US 12,008,254 B2
Deduplication of storage device encoded data
Ariel Navon, Revava (IL); and Shay Benisty, Beer Sheva (IL)
Assigned to Western Digital Technologies, Inc., San Jose, CA (US)
Filed by Western Digital Technologies, Inc., San Jose, CA (US)
Filed on Feb. 23, 2021, as Appl. No. 17/182,725.
Claims priority of provisional application 63/135,044, filed on Jan. 8, 2021.
Prior Publication US 2022/0221999 A1, Jul. 14, 2022
Int. Cl. G06F 3/06 (2006.01); G06F 11/10 (2006.01)
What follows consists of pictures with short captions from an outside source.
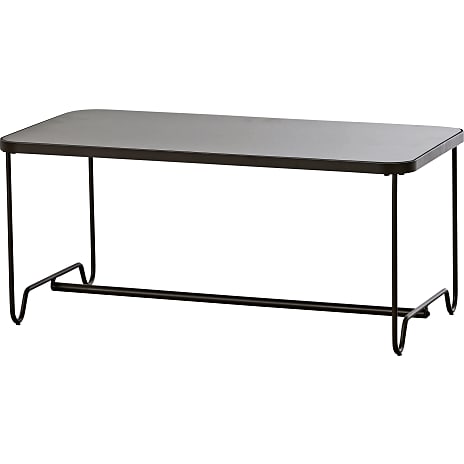 Avola loungebord - mocca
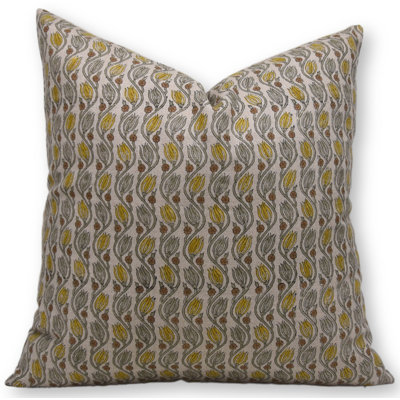 Linen Indoor/Outdoor Pillow Cover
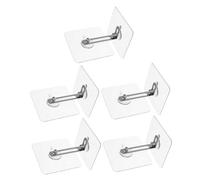 CLISPEED 5 Sets Furniture Anchors Tip Wall Straps for Proofing Secure Stabilization for Bookshelves Dressers Tv Stands Shoe Cabinets and Wardrobes Reliable Home Safety Kit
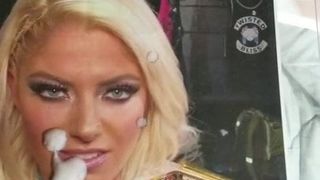 WWE Alexa Bliss Cum Tribute 22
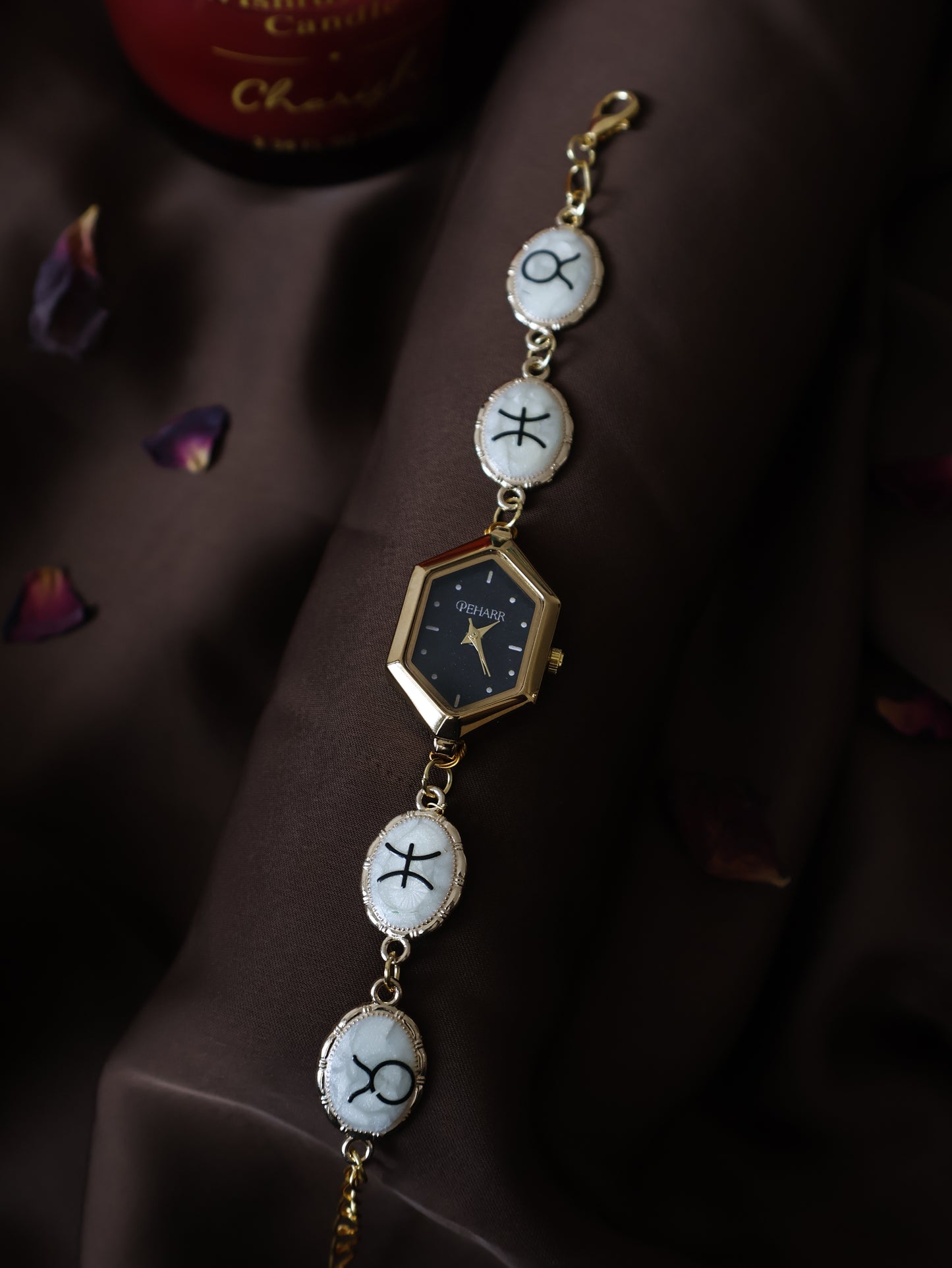Alchemist Sunsign Wrist Watch
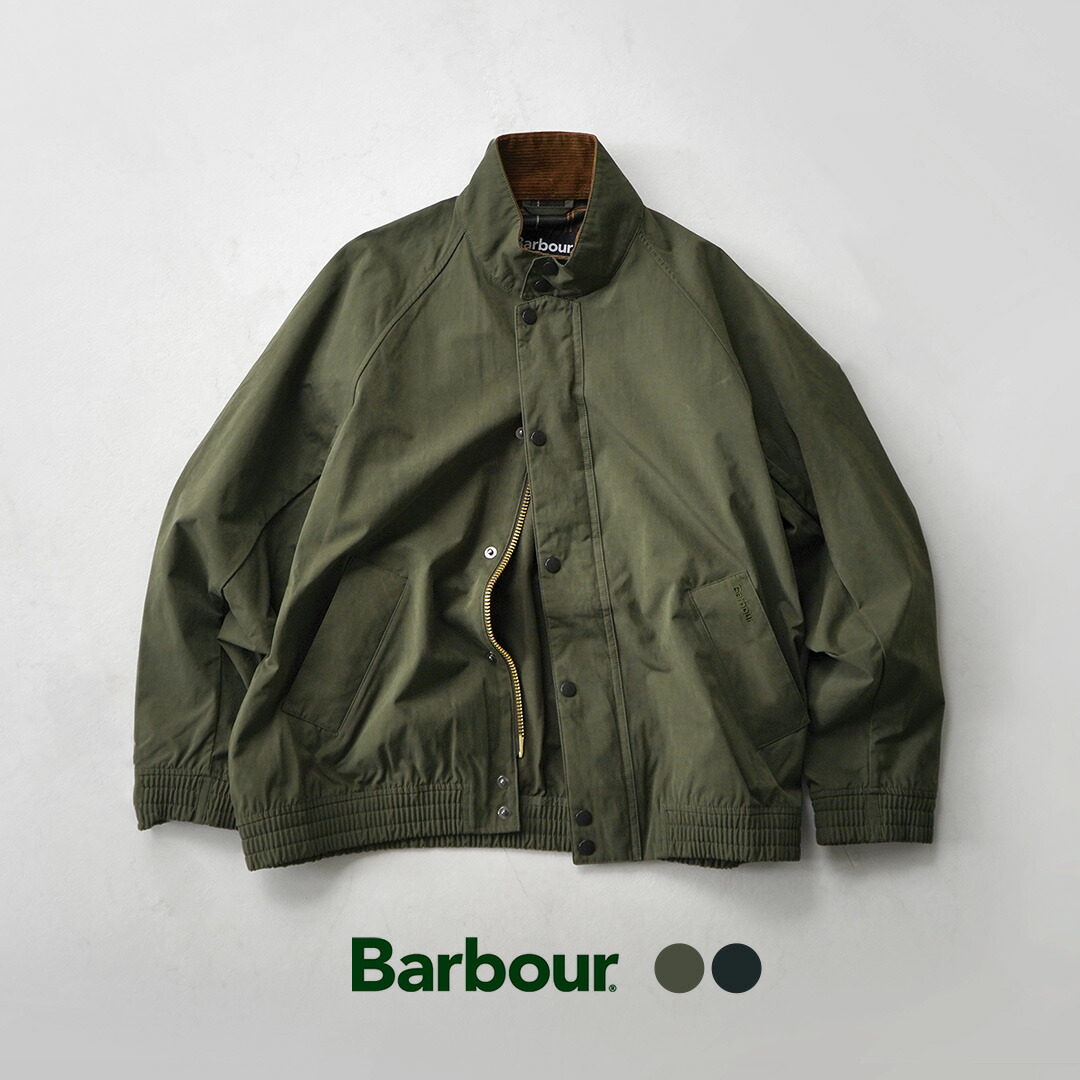 BARBOUR（バブアー） ピーチドブルゾン トランスポート ジャケット / メンズ ノンワックス ピーチスキン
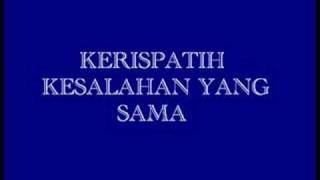 Kerispatih-Kesalahan Yang Sama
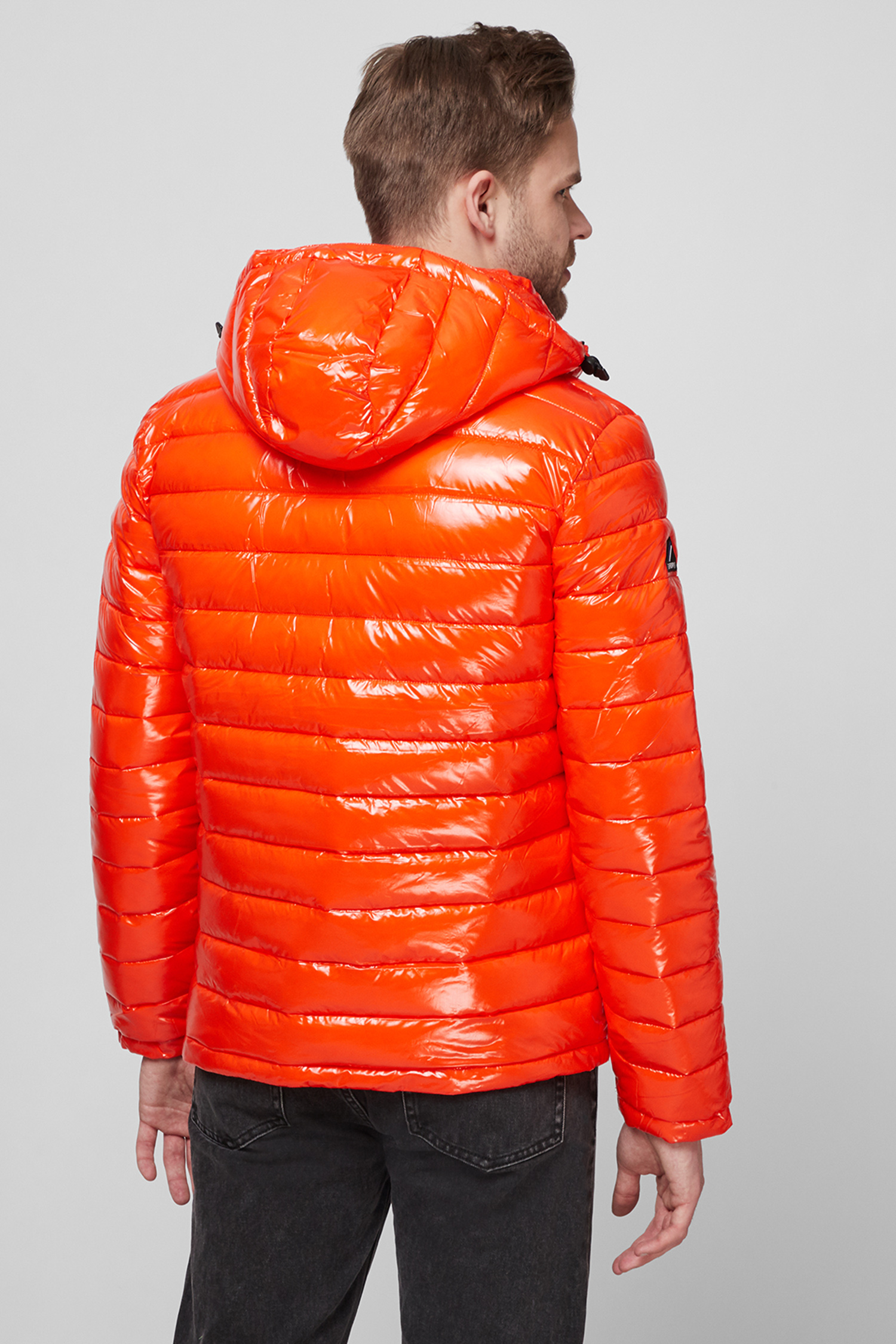 Мужская оранжевая куртка SuperDry M5010256A;OIR — Ultrashop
CPC G06F 3/0641 (2013.01) [G06F 3/0608 (2013.01); G06F 3/0659 (2013.01); G06F 3/0673 (2013.01); G06F 11/1076 (2013.01)] 20 Claims
OG exemplary drawing
 
1. A system comprising:
a storage device comprising:
a storage medium configured to store host data blocks; and
a storage device controller, comprising at least one processor and at least one memory, and configured to:
store, to the storage medium and through an error correction code engine in a write path of the storage device, the host data blocks, wherein the stored host data blocks comprise a first encoded comparison data unit encoded by the error correction code engine in the write path;
return, to a host system, previously-stored host data blocks responsive to decoding, through an error correction code engine in a read path of the storage device, the stored host data blocks from the storage medium;
encode, using the error correction code engine in the write path, a target data unit to generate an encoded target data unit comprised of:
an input host data block divided into a plurality of symbols; and
at least one parity symbol generated using the plurality of symbols of the input host data block and an error correction code coding algorithm for the error correction code engine in the write path;
retrieve, for a deduplication operation, the first encoded comparison data unit from the storage medium without decoding the first encoded comparison data unit using the error correction code engine in the read path of the storage device, wherein the first encoded comparison data unit comprises:
a previously-stored host data block divided into a plurality of symbols; and
at least one parity symbol generated prior to storage in the storage medium using the plurality of symbols of the previously-stored host data block and the error correction code coding algorithm for the error correction code engine in the write path;
compare, responsive to encoding the target data unit and retrieving the first encoded comparison data unit and using a bit-by-bit exclusive-or comparison, each bit of the encoded target data unit to each corresponding bit of the first encoded comparison data unit;
determine, based on a number of bits that are not equal between the encoded target data unit and the first encoded comparison data unit, a first similarity value; and
eliminate, responsive to the first similarity value, at least one duplicate data unit selected from:
the target data unit; and
the first encoded comparison data unit in the storage medium.